The circuit court finally decided to reverse the decision of the lower court and ruled in favor of the plaintiff, Joseph Glidden. The majority of the court was convinced that Glidden's invention proved to have enough novelty and technological change to merit the patent and thus exclusive rights to produce and sell the improved barbed wire without the need for licensing. Much of this decision came from the court's inclination to grant a patent to the final step in turning an invention into a useful or more useful product.

==Dissent==
Justice Field was the sole dissenting opinion. He disagreed with the decision on the grounds that he believed there was no true novelty to Glidden's decision and thus lacked sufficient reasoning to receive a patent.

==Significance==
This case largely established precedent for future patent law, specifically in questions of first-to-file, or scope of novelty.
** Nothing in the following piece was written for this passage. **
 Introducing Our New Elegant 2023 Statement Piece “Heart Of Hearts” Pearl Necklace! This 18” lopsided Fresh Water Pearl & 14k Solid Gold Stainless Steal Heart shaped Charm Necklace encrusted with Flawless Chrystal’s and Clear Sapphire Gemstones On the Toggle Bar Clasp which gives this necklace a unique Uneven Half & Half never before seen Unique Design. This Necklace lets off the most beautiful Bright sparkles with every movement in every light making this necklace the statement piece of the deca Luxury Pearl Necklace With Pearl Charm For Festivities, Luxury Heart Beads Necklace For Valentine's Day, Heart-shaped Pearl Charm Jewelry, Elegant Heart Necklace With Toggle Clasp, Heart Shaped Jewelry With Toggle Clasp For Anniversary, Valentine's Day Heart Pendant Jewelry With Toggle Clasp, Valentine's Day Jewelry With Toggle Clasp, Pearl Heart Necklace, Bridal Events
The first-to-file aspect was largely supported in that whichever party can prove they filed an invention first will have a greater claim over other manufacturers and better their chances of receiving a patent. Secondly, the scope of novelty was determined to not be some significant change, but simply enough to make a noticeable positive difference. Also success of a minor innovation is for grounds for patenting in light of the numerous failed or discontinued minor innovations pursued.

Glidden held sole rights to sell the product and thus established the Barb Fence Company, in Dekalb, Illinois. The invention made him extremely wealthy and by the time of his death he was one of the richest men in the United States.